How can I relate this vs just posting a ton of words, let’s say that I am a “personal Spotify” and I broadcast from my music collection. Now, I need to pay royalties for each recording I stream. I know who to add a play to because I can identify what I played. I might have song 123 and play it, but I also know what release it came from, what vendor/distributor it came from, etc. From there, it is up to that source to do the same, know where their product comes from. On my end, the best I can do is accurately represent what I have. Does this mean that I end up with a lot of duplicate recording, sure. As an end user of 10+ terabytes of music am I ok with those duplicates, absolutely.
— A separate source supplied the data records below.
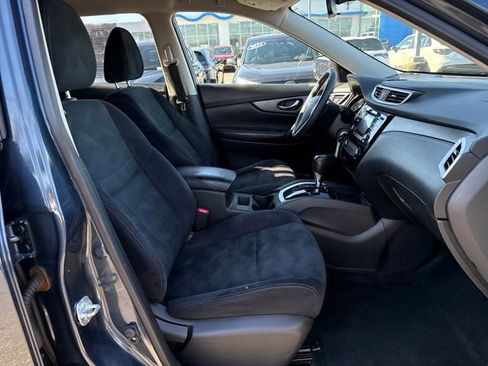 Used 2016 Nissan Rogue S w/ Appearance Package image 12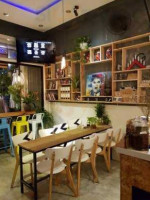 G Coffee House inside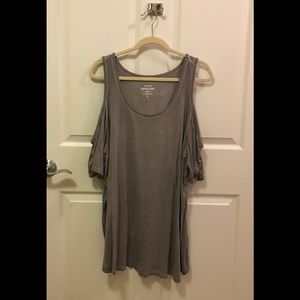 Gray Torrid size 3 cold shoulder top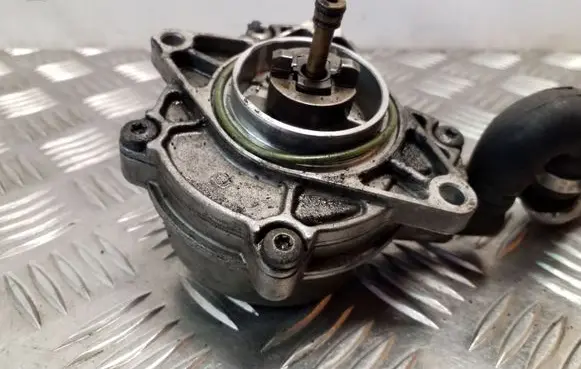 Audi A6 S6 C5 4B Vacuum pump 72218501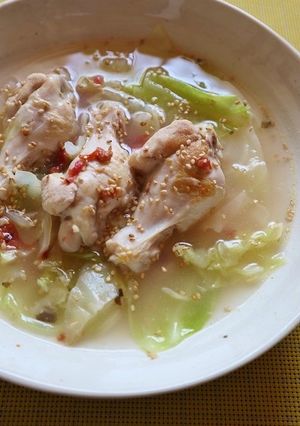 梅干しで疲労回復♪鶏手羽元の塩スープ-レシピのメイン写真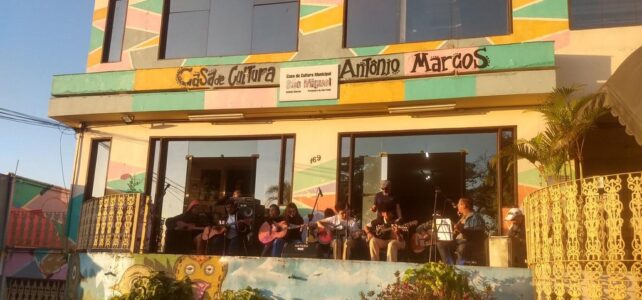 Jovens utilizam sacada da Casa de Cultura São Miguel para intervenção cultural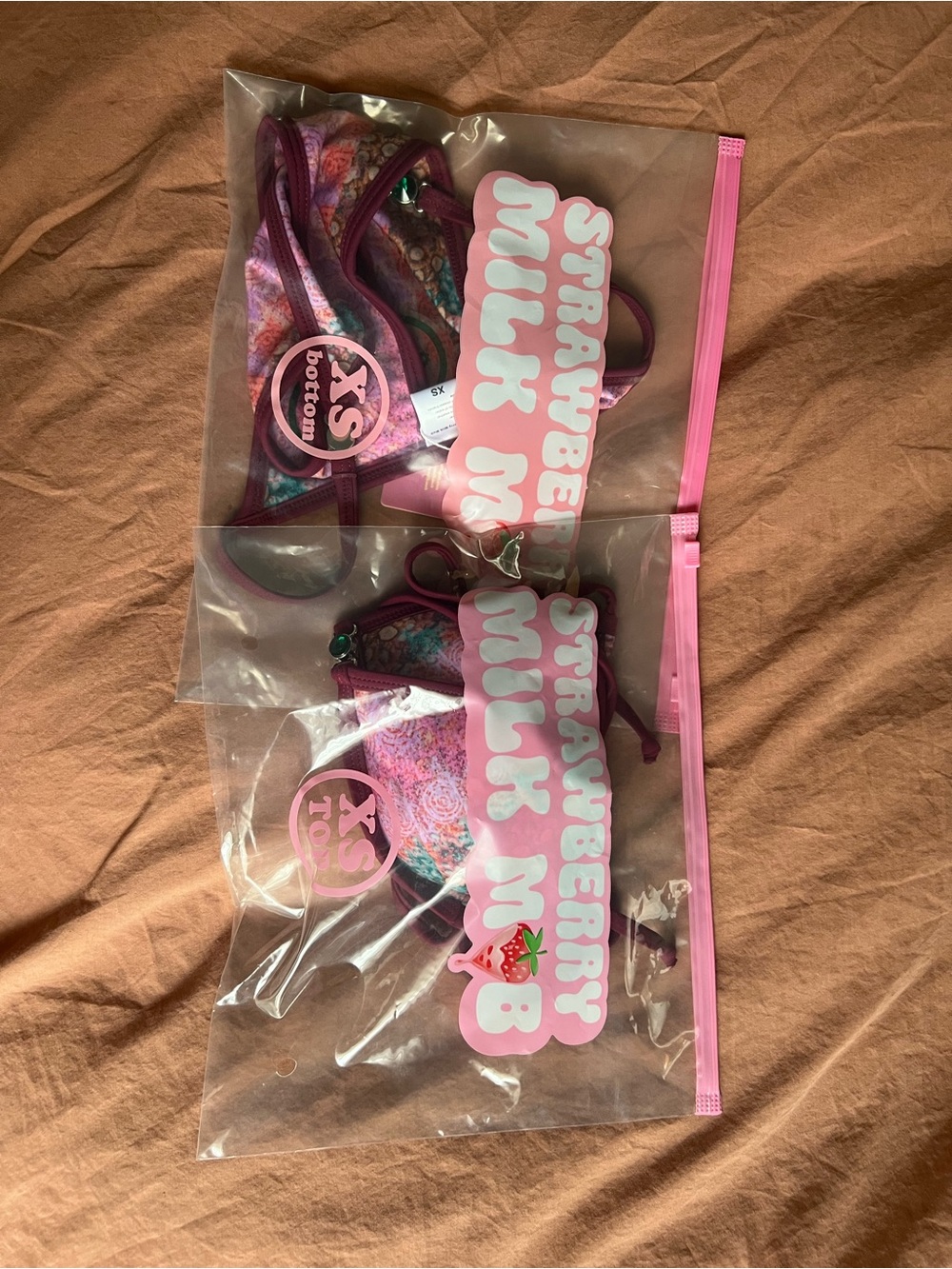 NWT Strawberry Milk Mob Sonic Top and Bottom - XS - Picture 2 of 5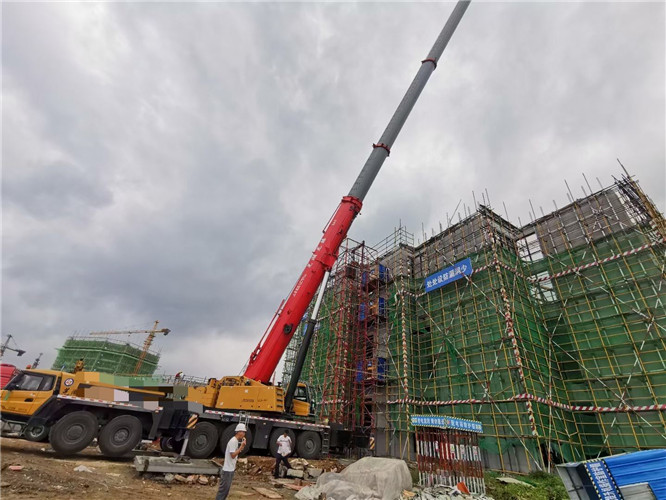 岱岳区吊车租赁需要注意事项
I am happy to go into why, but that is not so relevant to this here, so I will not go into that. So for me, to use MB to identify and index my music is a downgrade. If I were to tag my files in MB, I would lose data and accuracy. This makes MB useless to be as a tagging source. I am able to use MB though to get data on the release side, but other than that, I can only use it from things like lookups (what bands did this artist perform with, what releases include this recording, etc). But for further detail, MB drops the ball and my metadata as provided by the vendor is far more accurate to thoroughly identify what the recording actually is.
So to me concern which is MB, it cannot be targeted to me as a tagging source. It cannot be marketed to record labels to identify their royalties and all that mess. I cannot use it to identify a recording like a Shazzam type directly, it cannot properly identify remasters in a sense that one CD can have a piss poor master and another have a great master but MB marks them as a duplicate recording (but they most certainly are not from the perspective of the listener), etc. What is MB trying to accomplish in the modern day? It is amazing at a historical perspective like cassettes, vinyls, CDs, etc, that is for sure. So my angle on this is that MB does nothing to contribute to the modern era of music. This is also then indirectly contributing to the problem of royalties. Although the music industry has their own issues with it, MB does not even accurately account for what they do have. I hope that explains my thoughts vs just tossing my opinion out there on this. It is one of the main reasons I do not spend my time with edits anymore as I feel I just dry the top of the tire as it continues to roll through the water. A lot of work and nothing real gets accomplished. I do take the time to discuss here though as I believe there is good to be done, and if I can help shape that for the better, than it is time well spent.
@rob - I did not see your post until now. I care in the sense that I a few years back looked for a quality metadata source, joined MB, and although I am not a top contributor, I ave contributed in my opinion more than just a casual user and with reasonable detail.
I am happy to provide input, if desired, to the cause.